Kanarya Adaları’nda karanlık ağ: Çocuk ticaretinin Avrupa’ya açılan yeni kapısı
The Telegraph’ın haberine göre, göçmen akınıyla çöken sosyal hizmet sistemi Kanarya Adaları’nı çocuk ticaretinin merkezine dönüştürdü. Lanzarote’deki bakım evinden kaçırılan 13 kız çocuğunun Fransa’da seks köleliğine satılması, Batı Afrika’dan Avrupa’ya uzanan üç ülkeli ağı açığa çıkardı
Kanarya Adaları’na varan binlerce Afrikalı çocuk, İspanyolca bilmemeleri, ailelerinden kopuk yaşamaları ve bakım evlerindeki zayıf denetim nedeniyle suç ağlarının hedefi haline geliyor. Adalardaki yetkililer, kimi zaman nerede olduklarını dahi takip edemedikleri bu çocukların “kolay av” haline geldiğini itiraf ediyor.

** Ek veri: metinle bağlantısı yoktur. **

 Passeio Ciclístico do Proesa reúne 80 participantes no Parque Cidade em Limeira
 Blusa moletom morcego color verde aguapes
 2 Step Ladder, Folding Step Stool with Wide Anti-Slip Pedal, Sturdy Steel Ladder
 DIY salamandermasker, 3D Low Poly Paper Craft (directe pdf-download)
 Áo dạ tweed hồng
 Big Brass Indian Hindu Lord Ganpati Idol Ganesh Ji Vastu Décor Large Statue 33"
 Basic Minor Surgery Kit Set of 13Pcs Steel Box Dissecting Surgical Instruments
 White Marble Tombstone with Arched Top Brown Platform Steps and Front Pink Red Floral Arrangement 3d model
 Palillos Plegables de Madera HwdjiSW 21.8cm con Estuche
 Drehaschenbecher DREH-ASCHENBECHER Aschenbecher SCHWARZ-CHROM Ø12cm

Bu savunmasızlık, özellikle Lanzarote’deki bir bakım evinden kaçırılan 13 kız çocuğunun Fransa’ya seks köleliği için satılması ile somutlaştı. Soruşturma, üç ülkede işleyen, Batı Afrika’dan başlayıp İspanya üzerinden Fransa’ya uzanan bir çocuk ticareti ağını ortaya çıkardı.
Göçmen akını sosyal hizmetleri çökertti
Frontex verilerine göre Kanarya Adaları bu yıl 28 bin 819 Afrikalı göçmeni karşıladı. Bundan sadece on yıl önce bu sayı 462 idi. Bugün adalarda yaklaşık 6 bin refakatsiz çocuk bulunuyor. Bu çocuklar, kapasitesinin çok üzerinde çalışan 86 bakım evine sıkışmış durumda. İspanya’daki tüm refakatsiz çocukların yüzde 37'si Kanarya Adaları’nda.

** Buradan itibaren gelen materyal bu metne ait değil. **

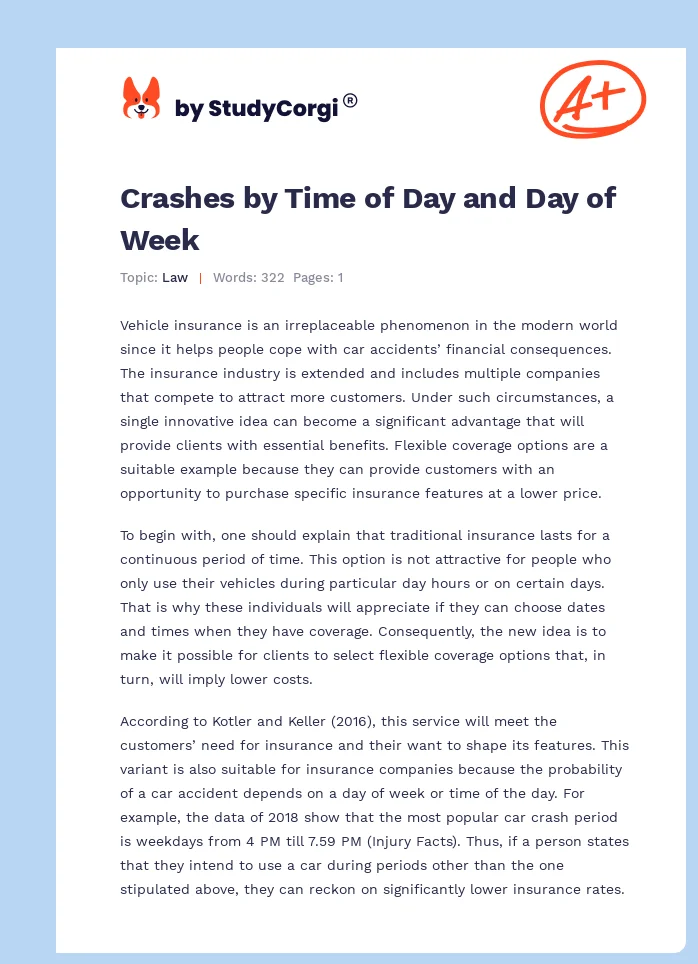 Crashes by Time of Day and Day of Week. Page 1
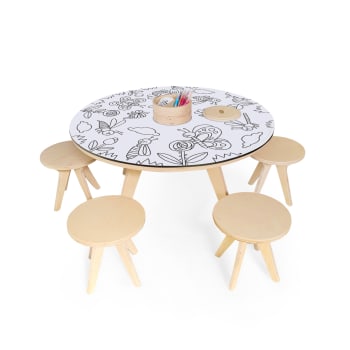 LITTLE FRIENDS - Table à dessiner multifonction XXL en bois D90 cm et 4 tabourets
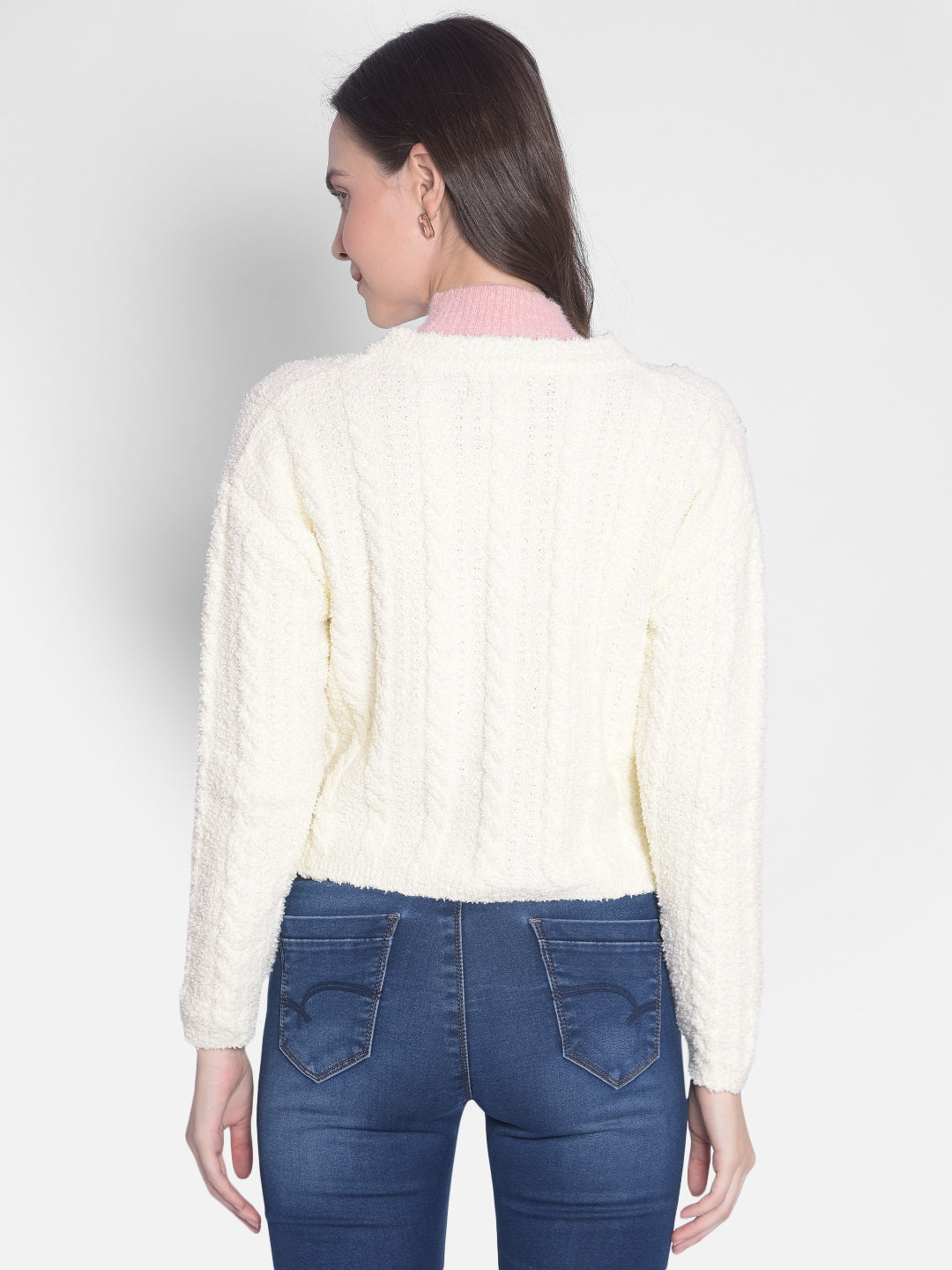 Off White Crop Length Cardigan-Women Sweaters-Crimsoune Club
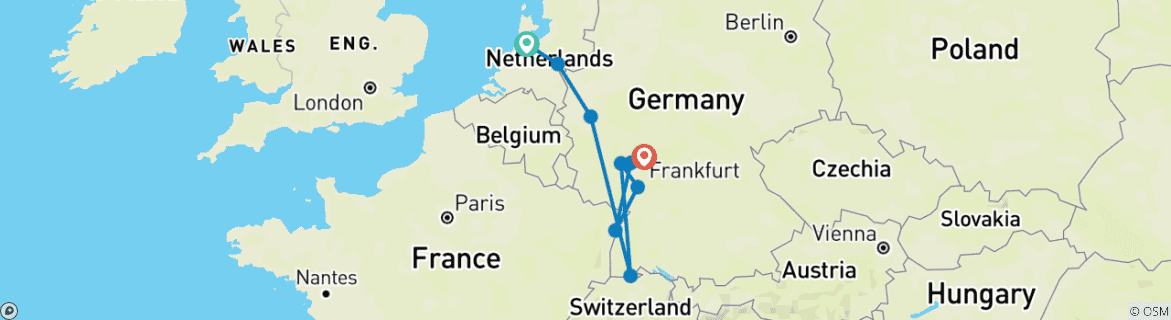 Image d'une carte montrant l'itinéraire du circuit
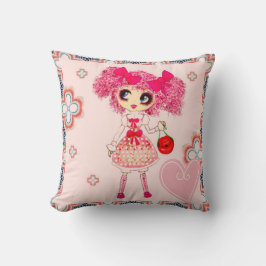 CutePbehoorlijk Girly PinkyP Roze Kawaii Girl van  Kussen
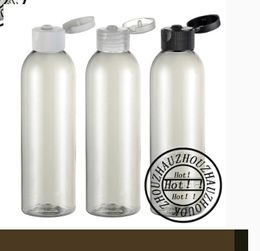 200ml transparent shampoo plastic travel bottles with flip top cap,refillable travel PET bottles,shower gel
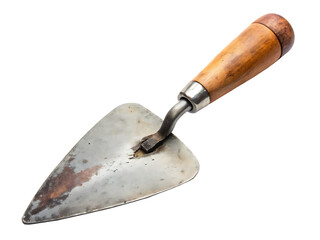 A Worn Wooden-Handled Metal Trowel Isolated on a White Background ,PNG. AI Generated.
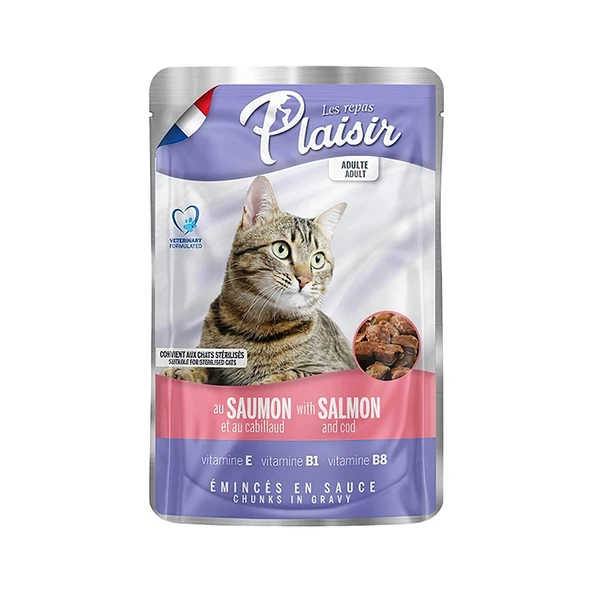 PLAISIR Yetişkin Kedi Konservesi Somon ve Morina 100 Gr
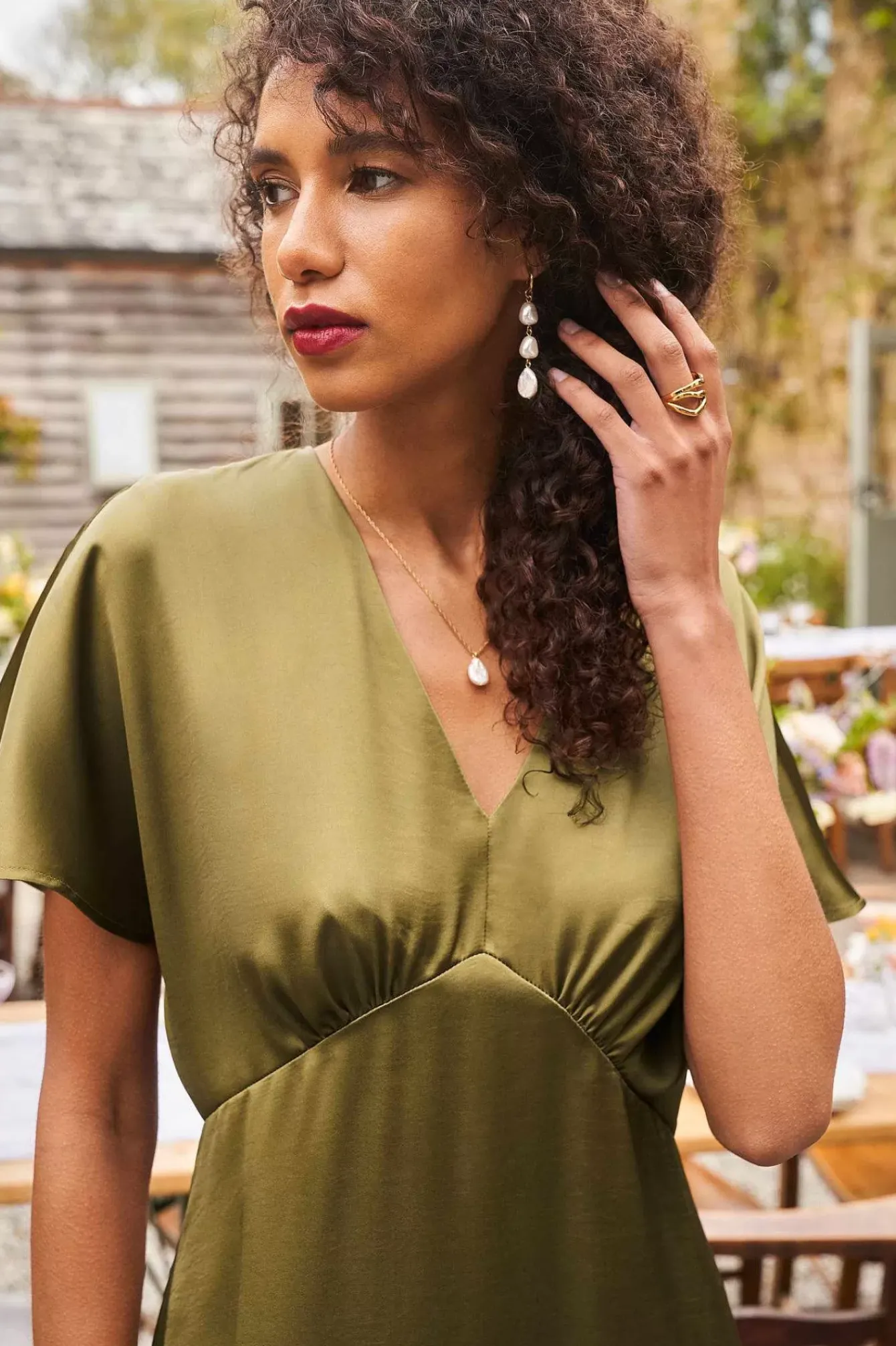 Seasalt Cornwall Dresses<Evenglow Satin Dress Fern Moss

Kanarya Adaları Sosyal Refah Bakan Yardımcısı Francis Candil durumu şöyle özetliyor:
“24 saat kontrol mümkün değil. Bir süre sonra kendi başlarına dışarı çıkıyorlar, bağımsız bir hayata başlıyorlar.”
Resmî kayıtlara göre, adalarda 300 çocuk bakım evlerinden kaçmış durumda.
Operasyon Triton: Üç ülke, tek örgütlü ağ
13 kız çocuğunun kaçırılmasının ardından başlatılan Operasyon Triton, insan kaçakçılarının işleyişini adım adım ortaya çıkardı:
- Fildişi Sahili: Gerçek yaşları gizlemek için sahte kimlik belgeleri üretildi.
- Fas: Çocukların Kanarya Adaları’na geçişi organize edildi.
- İspanya: Adalarda ve Madrid’de “güvenli evlerde” saklanan çocuklar Fransa’ya gönderildi.
- Fransa: Nihai varış noktası; çocukların seks ticareti pazarına sokulduğu yer.
Soruşturmada İspanya’nın farklı noktalarında 11 kişi gözaltına alındı. Dördü, suç örgütü üyeliği, belge sahteciliği, insan ticareti ve çocuk pornografisi gibi ağır suçlardan tutuklandı.
'Canavarların olduğu bir dünyada yaşıyoruz'
Candil, yerel bir gazeteye verdiği demeçte şunları söyledi: “Gerçek şu ki, canavarların olduğu bir dünyada yaşıyoruz. Bu sadece korunmaya muhtaç çocuklar için değil, normal ailelerde büyüyen çocuklar için de böyle.”
Yetkililere göre, adalara gelen pek çok çocuk, zaten daha en baştan Avrupa’nın başka kentlerine geçmek üzere çetelerle pazarlık yapmış oluyor. Dolayısıyla kaçışlar yalnızca sistemin zafiyeti değil, aynı zamanda önceden kurulmuş bir planın parçası.
Sadece çocuklar değil: Kadınlar da voodoo ritüelleriyle korkutulup seks köleliğine zorlanıyor. The Telegraph’ın ulaştığı bilgiler, Kanarya Adaları’nın yalnızca çocuk ticareti için değil, kadınların Avrupa’ya taşınarak fuhşa zorlandığı bir rota haline geldiğini de gösteriyor.
Las Palmas’ta görülen bir davada, Nijeryalı dört erkek ve üç kadın; voodoo ritüelleri, borçlandırma yöntemleri ve fiziksel şiddetle kadınları seks köleliği içinde tutmakla suçlanıyor.
Bir kadın, Avrupa’ya getirilmesi karşılığında kendisine 55 bin euro borç çıkarıldığını, ödeyemediği takdirde ailesinin öldürüleceğinin söylendiğini anlatıyor.
Bu kadınlar, Yunanistan–Paris–Madrid hattı üzerinden Kanarya Adaları’na taşınıp: Puerto del Carmen’de, Madrid’in arka sokaklarında, Bask bölgesindeki bir genelevde zorla çalıştırıldı.
İspanya’daki 'gri fuhuş alanı' sorunu
İspanya’da fuhuş tamamen yasak değil; ancak düzenlenmiş de değil. Binlerce kadın (çoğu yabancı) sokaklarda ve genelevlerde çalışıyor. Geçen yıl polis 8.000 kadın seks işçisi tespit etti. Yalnızca 250’si insan ticareti mağduru olduğunu bildirdi. Gerçek sayının çok daha yüksek olduğu düşünülüyor.